I'm looking for some advice on designing a visual research dashboard focused on entities rather than starting with traditional article searches. My goal is to kick off by typing in an entity name, like "Anthropic," and then see a graph displaying related entities such as OpenAI, Dario Amodei, and Google. From there, I want to click on any entity or relationship to view the underlying sources—like articles, papers, or filings—that support those connections. The idea is to understand the landscape first before diving into the documentation. I've already checked out several tools like Diffbot, Golden.com, Exa, and others, but they don't quite meet my vision. If you were to build your own version of this system, what would it look like and what features would you want to include?

3 Answers

Answered By UXDevel_77 On

I'd approach it with an entity-first mindset and a zoomable graph as the main feature. Add a side panel that updates with context like timelines, key players, filings, and sentiment trends.

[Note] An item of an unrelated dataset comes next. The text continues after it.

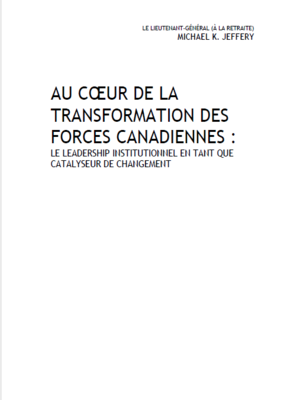 cover image of Au coeur de la transformation des Forces canadiennes:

When you click on a node, show relationship strength and source density instead of just a boring list of links. It’s all about mapping first, then digging into the documents. If you’re looking to build it quickly, check out tools like Runable to scaffold your graph and panel layout; it’s not flawless, but works well for testing user experience before refining.

EnthusiasticUser_45 -

Amazing!! Really helpful. I like the increasing navigation part!

Answered By CodeJunkie_89 On

I don’t have much to add, but I’d probably utilize my framework-agnostic tiling window manager called ug-lay. It might not be better than others, but I think the name is cool!

TechExplorer_52 -

Oh cool! I’ll take a look.

Answered By TechGuru_23 On

To create the kind of dashboard you're describing, think about a knowledge graph as the backbone with a retrieval layer. Start by using something like Neo4j for storing entities as nodes and their relationships as typed edges. When you type a name like "Anthropic," it should locate that node and pull up connected ones with a couple of hops. For extraction, run an NER model over your document pool—like SpaCy for basic needs or a fine-tuned LLM for more complicated relationships. Then, for visuals, consider a force-directed graph using D3.js or Sigma.js where node size reflects importance and edge thickness indicates how many sources support that relationship. Don't forget to factor in entity resolution to manage variations of names. Also, adding a temporal layer could be really valuable to observe how relationships change over time! Plus, using something like Diffbot's API might help get a quick prototype together.

CuriousMind_78 -

Wow this is gold! I’m currently replying on my phone. I’ll properly read it again tomorrow. You sound like you know this space well.